Vikram Pandit needs PR 101

Posted: September 21st, 2009 | Author: | Filed under: Business, Journalism, Video | Tags: , , , , | No Comments »

The other night I attended a Q&A; between BusinessWeek editor Steve Adler and Citigroup CEO Vikram Pandit. It was part of a series called “Captains of Industry” and I’ve been to some talks with other business leaders in the past. Usually Adler focuses on their personal story and character, rather than on the specifics of the business they run. This can work in interviewees’ interest: they BENEFIT from being candid/controversial/self-deprecating to counter popular perceptions of business leaders as cold and calculating and give wise-older-person guidance to the mostly young professionals who seem to populate the audience.

Now in Pandit’s case, the setup for personal storytelling seems ideal–his unpopularity is stunning, there are tons of young confused would-be financiers in New York hungry for advice, and he’s got a great narrative: an Indian immigrant running an American giant at a time when India is on the rise.

But instead, Pandit flat-out refused to answer questions about himself as a person, almost as though he didn’t understand that it was to answer those questions that he was there. Even Adler seemed flummoxed–I’ve never seen him or anyone actually admit mid-interview that the chat wasn’t going to plan. It didn’t diminish my already considerable esteem for him as a reporter: after all, the questions he asked were much tougher than the drivel Charlie Rose put to Pandit in the fall. Indeed, it somewhat comforted me as a young reporter that even veteran aces get phased sometime by their sources.

Here’s the thing: Pandit had a few decent and interesting things to say about Citi itself, successfully avoiding the ugly truth about the company without outright lying. That made me think he was operating in the persona required of him at a CEO conference call, where hedging is key and ‘no comment’ is sometimes appropriate. He seemed to simply not understand that what this event called for was precisely the opposite. Is that Pandit’s stupidity, or a massive PR fail at Citigroup where someone forgot to brief the boss about what to do? (I’ve seen this problem before–there are many executives who seem not to understand how much they benefit from taking a side, even if its risky, in their answers to questions, and how much more cynical and hostile press coverage gets when they try to please.)

Watch the video and let me know what you think.

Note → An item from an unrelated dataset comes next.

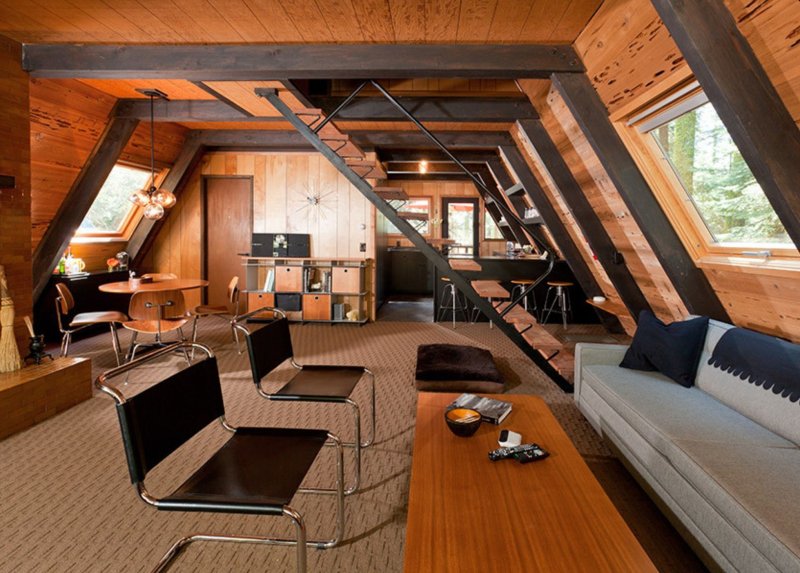 А-образный дом. A-frame. Дом шалаш.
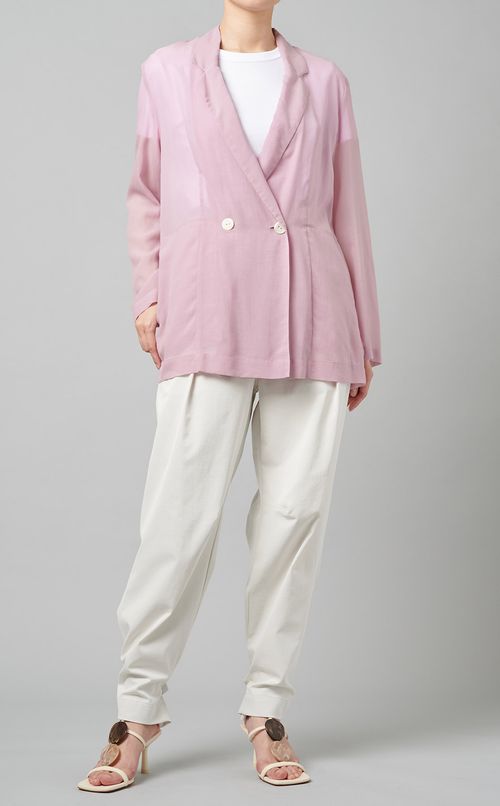 シースルーダブルジャケット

It’s about an hour long, so if you’re rushed, these are some highlights (not verbatim, I don’t type that fast): Read the rest of this entry »


The Greatest Thing since…the last greatest thing

Posted: October 12th, 2008 | Author: | Filed under: Business, Culture | Tags: , , | No Comments »

Advertisers have always sold “youth.” Drink this juice, use this lotion, take this little blue pill and stay 17 forever. But this season brings a new twist . Advertisers are reviving old ad campaigns to sell new products: ie buy this and feel like you did when you last heard this jingle.

Exhibit A: “In an Absolut World.” When I was a kid, Absolut had a series of magazine ads with a the tagline Absolut _____. Each ad was a picture of a scene with the Absolut bottle shape embedded somewhere, like a Where’s Waldo. The tagline filled in the blank with a word to describe the scene. “Absolut Brooklyn,” my personal favorite, had the bottles as the arches in the Brooklyn bridge. The photography was pretty stellar, and teens used to collect them like celebrity clippings, but most collectors were underage. Not so good for business. Now we’re all grown up and vodka-drinkers ourselves, so the ads are back: a new series fills in the ____ in the tagline with a place name and gives us a picture that symbolizes the local zeitgeist. In theory, the selling point here is the same as in the old ads, “Drink Absolut and your ____ will be more absolutely ___.” But to me, the ads say “Come have a drink with an old friend, the brand you used to love and can now afford to buy.”

Exhibit B: “Citi Never Sleeps.” Citigroup has this new commercial out “Citi never sleeps.”

If Citi’s agency had invented the line yesterday, it might have worked as a reassuring description of a company watching out for its consumers in a rapidly changing, volatile, even scary business environment. But in actuality, the tagline is a revival of the line “The Citi Never Sleeps,” which Citibank used in the pre-Sandy Weil days to describe itself as financial firm serving Wall Street fat cats and paced to their trading schedule. Hardly the same company. Hardly the same idea. But using the same line today bypasses all the intervening changes to say, “Hey, remember us? We were around when you were getting richer.”

Even deeper down, however, I think the attempt to package nostalgia as a ticket to youth is as much about the ad agencies as it is about the clients they represent. The 1980s, when these campaigns ran, were boom times for the platforms we now deride as “old media.” Revisiting them says “Hey, remember when Madison Avenue mattered?” And whether or not the ads work, dabbling in that nostalgia makes MadAve feel better.